Сейчас я могу простить их, понимая, что фактически их можно было осуждать разве что за глупость, но когда подходило к концу мое шестидневное заключение в карцере монастыря, где я мучился, валяясь в грязи, избитый до синяков и с пустым желудком, я их всех ненавидел.
Я даже соглашался с тем, что поступил плохо. С одной стороны, я позволил спровоцировать себя на безрассудные высказывания, а с другой — пытался объяснить необъяснимое. Мой разговор с братом Гаспаром, ведавшим монастырским хозяйством, — ему предстояло купить новую лошадь, отчего и он относился ко мне со злобной яростью, — превратился в ханжескую лекцию, из которой я узнал, что, поскольку Бог обрек бедняков на голодную смерть, вмешательство в их положение являлось дерзким и богохульным. Дело каким-то образом обернулось так, что я стал кричать о том, будто со стороны монастыря очень несправедливо требовать с людей подати в голодное время, тем более что все хозяйство общины находится в прямом противоречии с превозносимым творцом принципом аскетизма.

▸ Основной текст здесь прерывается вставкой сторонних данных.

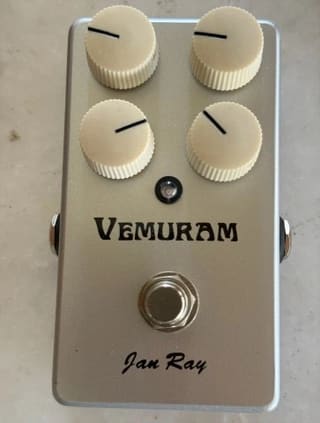Ly-Rock Κλώνος Vemuram Jan Ray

Но помощнику настоятеля, посетившему меня потихоньку и беседовавшему со мной в самом благожелательном тоне, я пытался объяснить, что чудо было — не в виде волшебного увеличения количества мяса или манны, посыпавшейся с неба, а в зарождении у голодных мысли убить лошадь. Помощник настоятеля был вкрадчив и бесконечно лицемерен; разговор с ним после бесед с другими напоминал облегчение, последовавшее за острой зубной болью. Я — этакий простак — рассказал ему о другом чуде: о том, как женщина протянула мне кусок мяса и на мгновение показалась мне сущим ангелом.

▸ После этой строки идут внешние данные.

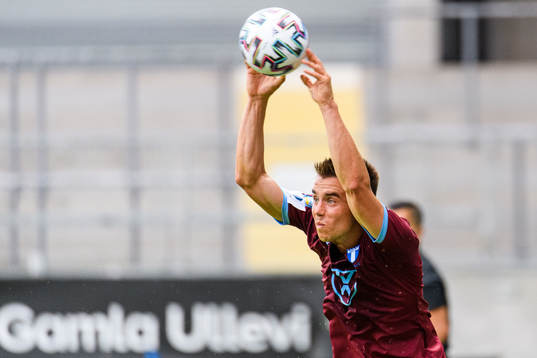 Malmö FFs Jonas Knudsen lägger ett inkast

В результате всех этих душеспасительных бесед к концу шестидневного заточения обвинения в избиении брата Лоренса и подстрекательстве толпы к пожиранию Гриса были почти забыты — меня обвинили в ереси, богохульстве и служении дьяволу.
Послушник Дирк, к чьим услугам всегда прибегали в подобных случаях, с энтузиазмом принялся пороть меня. Шел девятый день с тех пор, как я в последний раз ел нормальную пищу. Волдырь на ноге гноился уже давно, и теперь колено распухло, а кожа на нем приобрела фиолетовый оттенок. Вечером, когда меня призвал к себе отец-настоятель, Гиберт Горбалзский, я являл собою такую жалкую тварь, какой не пожелал бы себе подданные ни один повелитель.

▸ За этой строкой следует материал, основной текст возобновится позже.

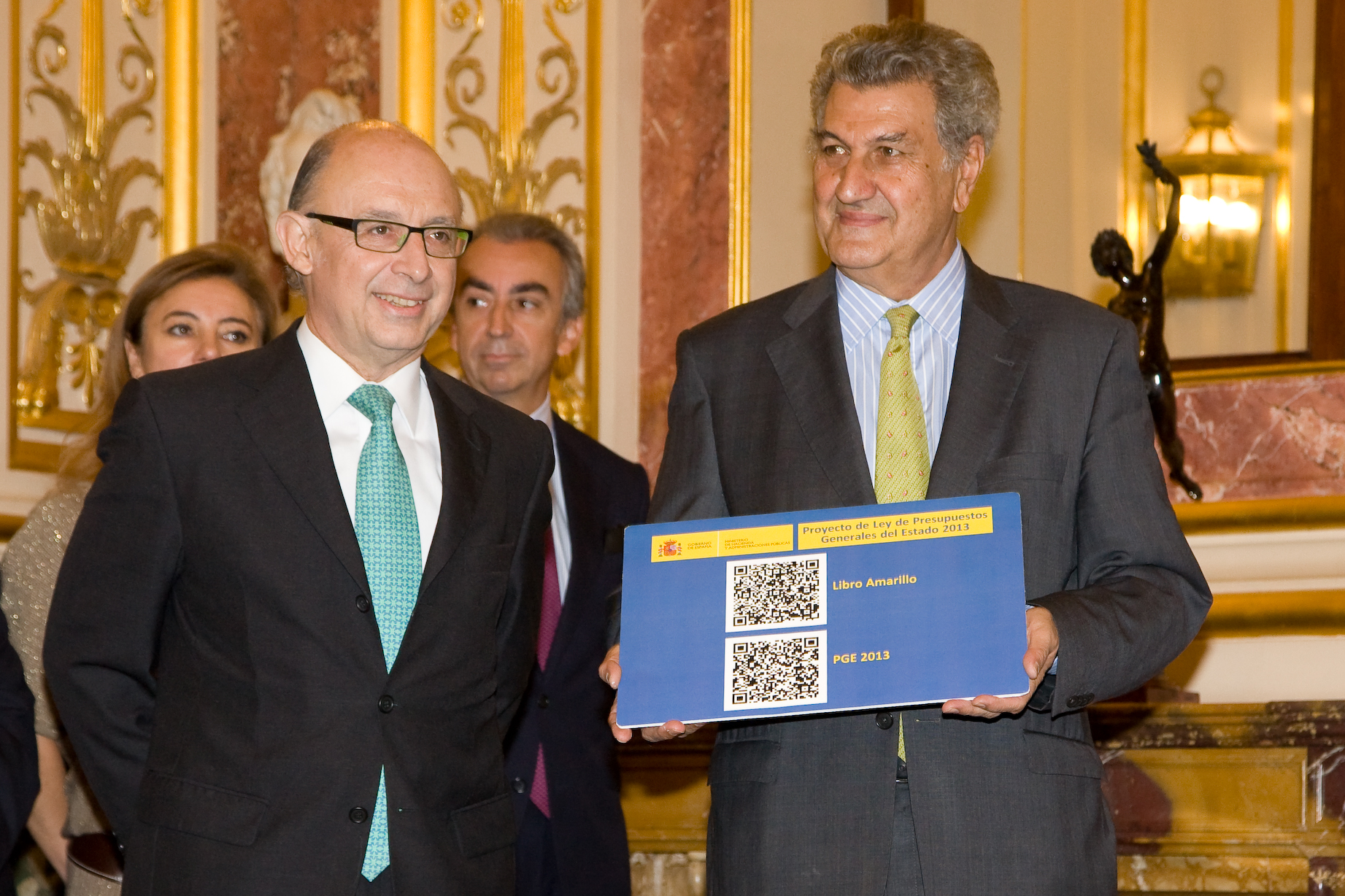  Hacienda y el Presidente del Congreso en el acto de presentación de los Presupuestos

В Горбалзе я прожил почти два года, но никогда раньше не видел настоятеля. Из-за хромоты он почти не покидал своих апартаментов, и до сих не было никаких причин для того, чтобы приглашать к себе на аудиенцию простого послушника, то есть меня. Эта отдаленность в сочетании со слухами о его прошлом, возбуждавшими воображение юных затворников, делала его в наших глазах самой легендарной фигурой из всех известных вам смертных, однако его влияние и авторитет были беспрекословными и всеобъемлющими, и все в Горбалзе взирали на него с благоговейным страхом.